── DATA SECTION
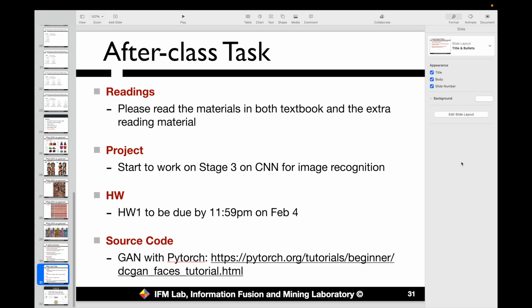Please read both the textbook materials and the extra reading materials. It is time to start working on Stage 3 on the CNN model for image classification and recognition. If you are interested in playing with the GAN in PyTorch, you can refer to the link provided — it is optional, not required. That's it for this section; thank you for your attention, and that may be it for today's class.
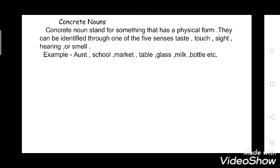Now, what is a concrete noun? Concrete noun stands for something that has a physical form. They can be identified through one of the five senses: taste, touch, sight, hearing, or smell. So a concrete noun will have any one of these. Examples: aunt, school — you can see school — market, table — you can touch and see table — glass, milk, bottle, etc. They are all concrete nouns.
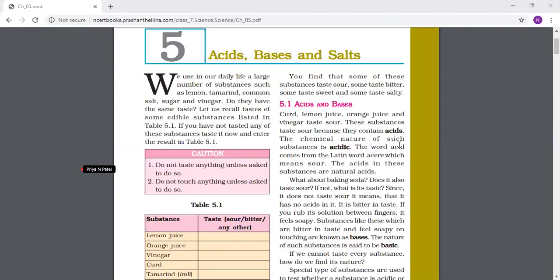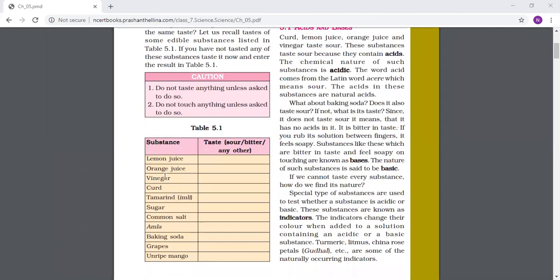We use in our daily life a large number of substances such as lemon, tamarind, common salt, sugar and vinegar. Do they all have the same taste? No, they all have different tastes. Let us recall the taste of some edible substances listed in Table 5.1. If you have not tasted any of these substances, taste them now and enter the result in Table 5.1.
────
■ **YOUR TASK**
Set down the material once more, exactly, with the pictures omitted.

■ **PROBLEM SOLUTION**
Please read both the textbook materials and the extra reading materials. It is time to start working on Stage 3 on the CNN model for image classification and recognition. If you are interested in playing with the GAN in PyTorch, you can refer to the link provided — it is optional, not required. That's it for this section; thank you for your attention, and that may be it for today's class.
Now, what is a concrete noun? Concrete noun stands for something that has a physical form. They can be identified through one of the five senses: taste, touch, sight, hearing, or smell. So a concrete noun will have any one of these. Examples: aunt, school — you can see school — market, table — you can touch and see table — glass, milk, bottle, etc. They are all concrete nouns.
We use in our daily life a large number of substances such as lemon, tamarind, common salt, sugar and vinegar. Do they all have the same taste? No, they all have different tastes. Let us recall the taste of some edible substances listed in Table 5.1. If you have not tasted any of these substances, taste them now and enter the result in Table 5.1.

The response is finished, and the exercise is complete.